### TASK BRIEF:
With pictures left out, set down exactly the lines that begin at the one containing "PowerMock编写模拟J" and end with the last line of the entries below.

### DATA FOR REVIEW:
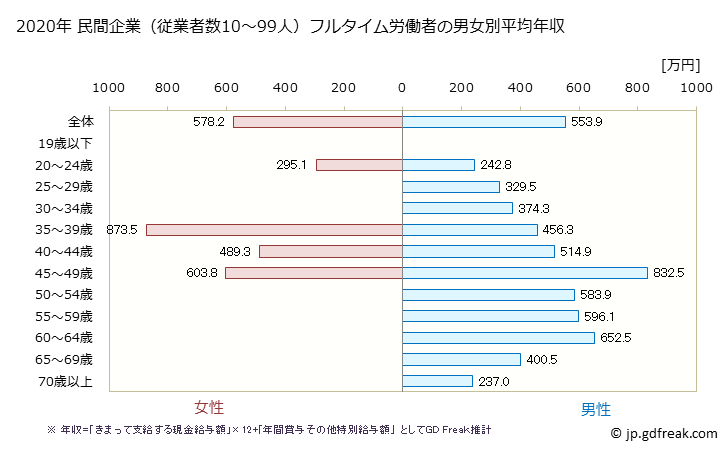グラフ 年次 兵庫県の平均年収 (電気機械器具製造業の常雇フルタイム) 民間企業（従業者数10～99人）フルタイム労働者の男女別平均年収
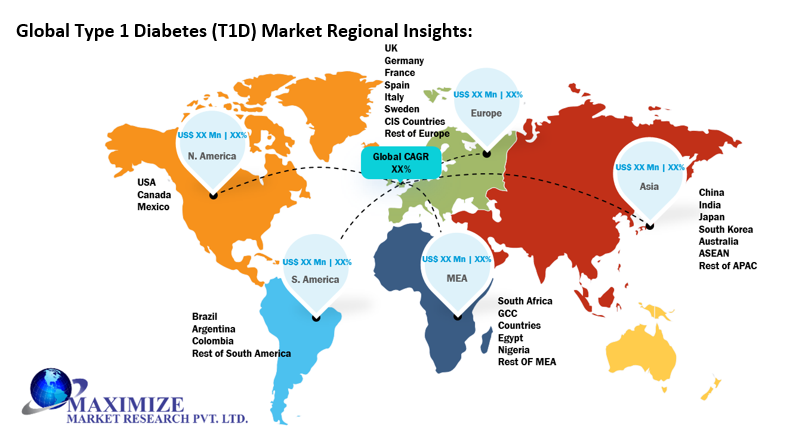Global Type 1 Diabetes (T1D) Market 2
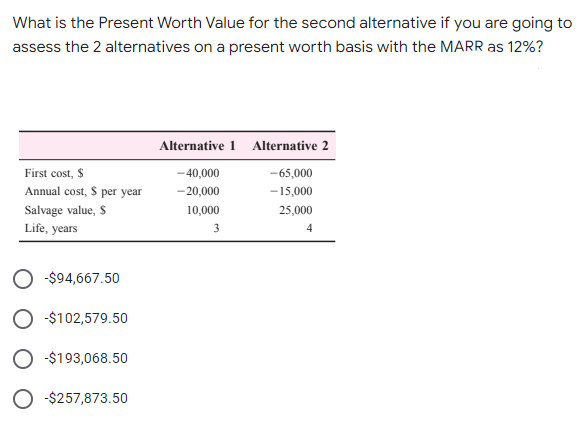 What is the Present Worth Value for the second alternative if you are going to
assess the 2 alternatives on a present worth basis with the MARR as 12%?
Alternative 1
Alternative 2
-40,000
-65,000
First cost, $
Annual cost, $ per year
-20,000
-15,000
Salvage value, $
10,000
25,000
Life, years
3
4
-$94,667.50
O -$102,579.50
O -$193,068.50
O -$257,873.50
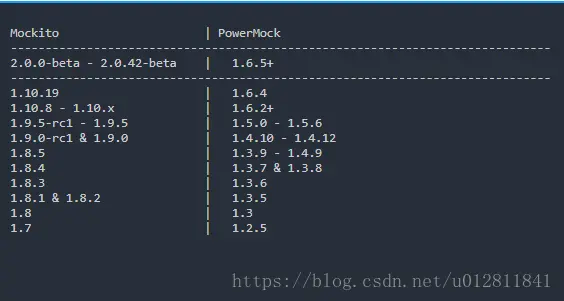 PowerMock编写模拟JDBC静态方法获取Connection的Junit测试用例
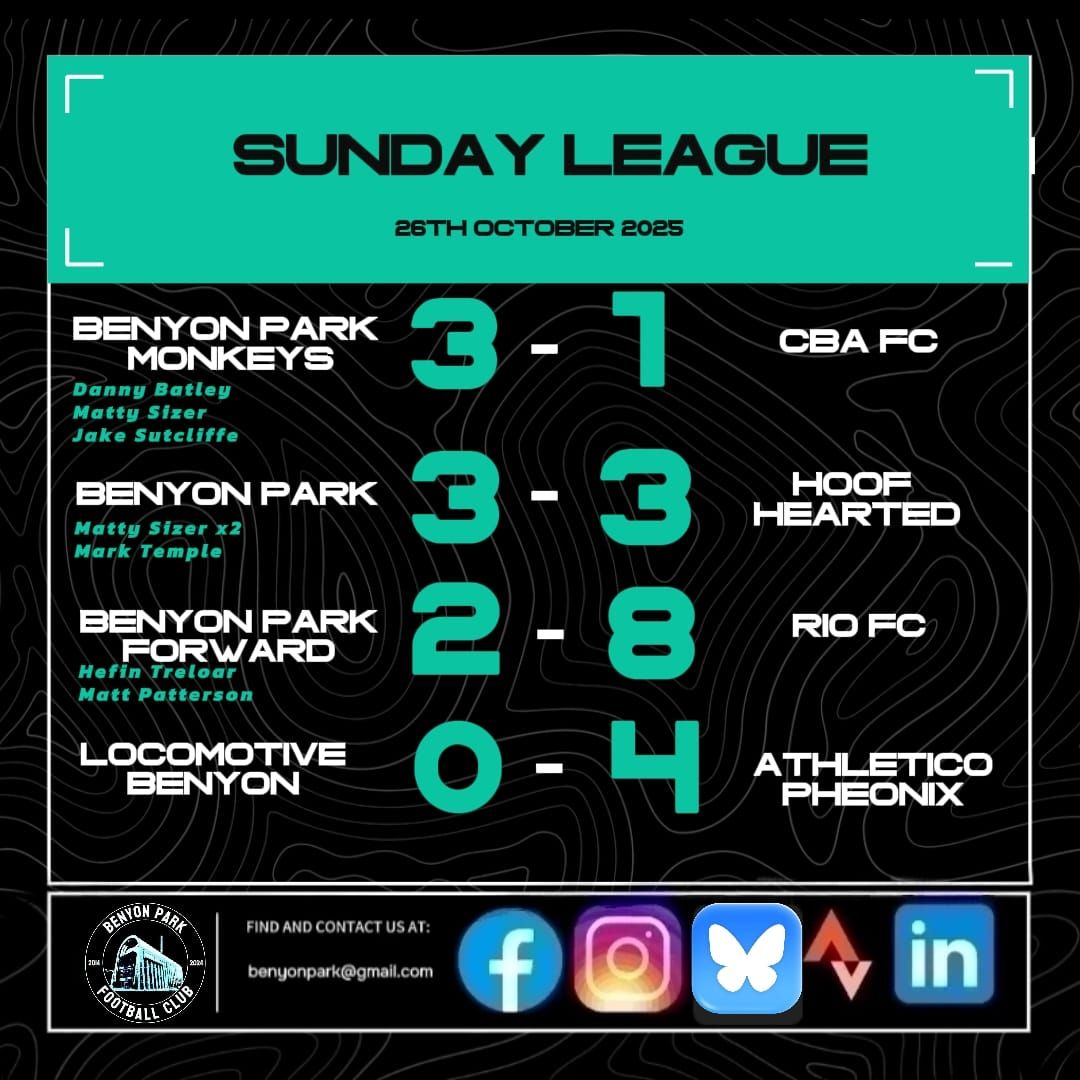 Benyon - As the league season hurtles towards it's conclusion on a ...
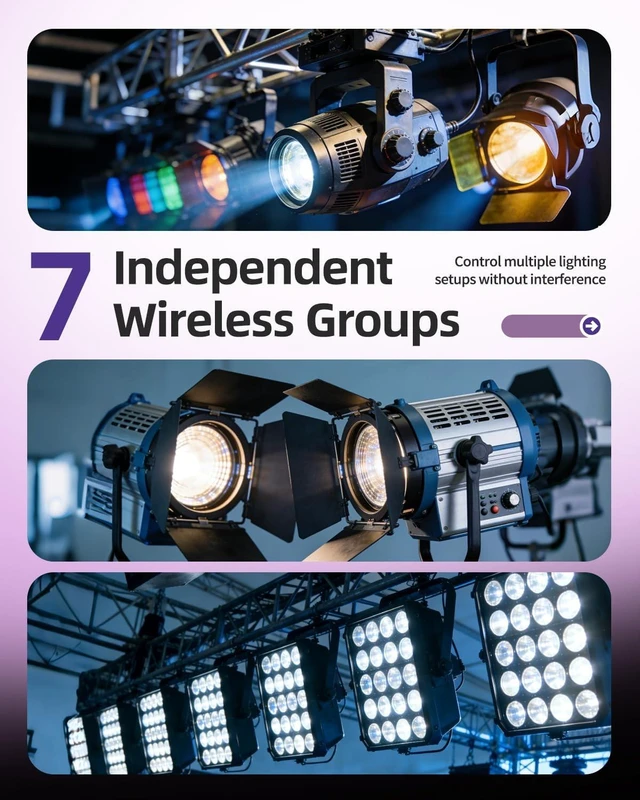 Alt view image 4 of 7 - Wireless DMX512 Transmitter & Receiver Kit 2.4GHz Stage Lighting Control, 1 Transmitter + 3 Receivers, 7 ID Groups, 126 Channels for DJ/Party/Club/Disco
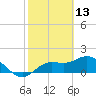 Bradenton Beach tide chart for Sunday, February 13, 2022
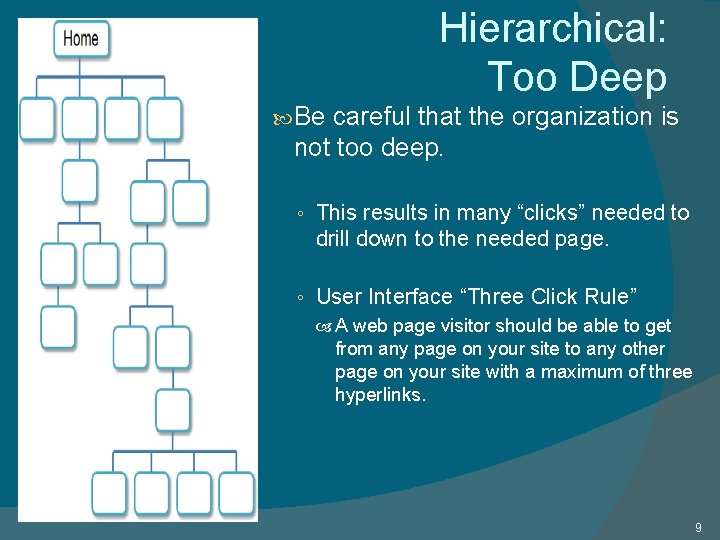 Hierarchical: Too Deep Be careful that the organization is not too deep. ◦ This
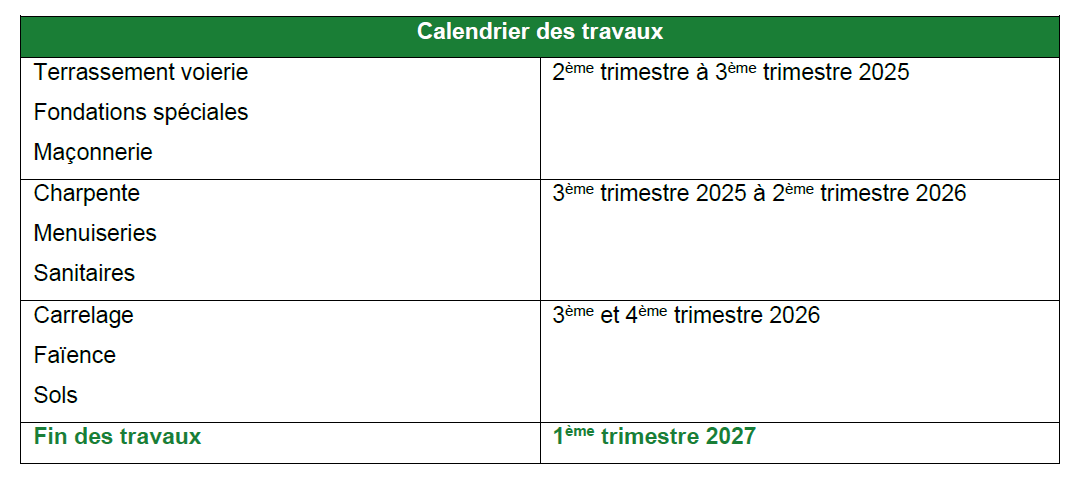 Calendrier des travaux Aurec 2027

### RESULT BELOW:
 PowerMock编写模拟JDBC静态方法获取Connection的Junit测试用例
 Benyon - As the league season hurtles towards it's conclusion on a ...
 Alt view image 4 of 7 - Wireless DMX512 Transmitter & Receiver Kit 2.4GHz Stage Lighting Control, 1 Transmitter + 3 Receivers, 7 ID Groups, 126 Channels for DJ/Party/Club/Disco
 Bradenton Beach tide chart for Sunday, February 13, 2022
 Hierarchical: Too Deep Be careful that the organization is not too deep. ◦ This
 Calendrier des travaux Aurec 2027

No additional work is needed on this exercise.